On a separate point the very heavy concentration on statistical reasoning to the exclusion of other mathematics (including perhaps more elementary logical reasoning such as manipulation of quantifiers and logical connectives) rather worries me, since it may encourage the idea that almost the only practical applications of mathematics are statistical.

Another serious danger in my opinion is that statistics at this level tends to be more like cookery than mathematics and it would have to be extremely well taught by a gifted and highly educated teacher if conceptual precision is not going to be completely lost.
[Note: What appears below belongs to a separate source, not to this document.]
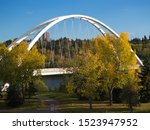 Modern through arch bridge against autumn leaves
The danger is partially raised by Gowers in Objection 5 listed in his blog (though he doesn’t mention cookery), but I think his own answer is rather optimistic.

Somewhat in this connection there is an interesting passage in

*Noam Chomsky on Where Artificial Intelligence Went Wrong*where Noam Chomsky is interviewed on various topics concerning science, in particular AI and cognitive science, and what he clearly regards as a modern deviation from the classical scientific method, which has been indirectly caused by the power of modern computers . The article is quite long, but I found his example of “*how to justify the abolition of physics departments*” very nice; it could equally well used to justify closing down everything in mathematics departments except statistics.
I’m not familiar with this subject, to be honest. Here are my very biased comments.

I do not like the way statistics is explained in the MEI‘s draft “Critical Maths” Curriculum.

It appears from “Mathematical ideas which students should encounter through discussion of problems” (p. 8 of the document) that students are supposed to learn, understand, and apply the three basic limit theorems of probability theory/theoretical statistics:

* the (strong) law of large numbers — “average in time converges to average in space”;

* the central limit theorem — “all roads lead to Rome” (where “Rome” is the standard normal distribution);

* empirical distribution converges to theoretical distribution (Glivenko-Cantelli theorem).

I would prefer these three goals being presented in a more definite way, and then reformulated in practical terms, with a number of applications. At the moment, there is no any structure here.

A few more comments.

Page 9: Graph of a normal distribution is wrong: it must be strictly

positive everywhere!

“Very unlikely” does not mean “never happens”.

By the way, why there is 2\sqrt{n}, and not 3\sqrt{n}?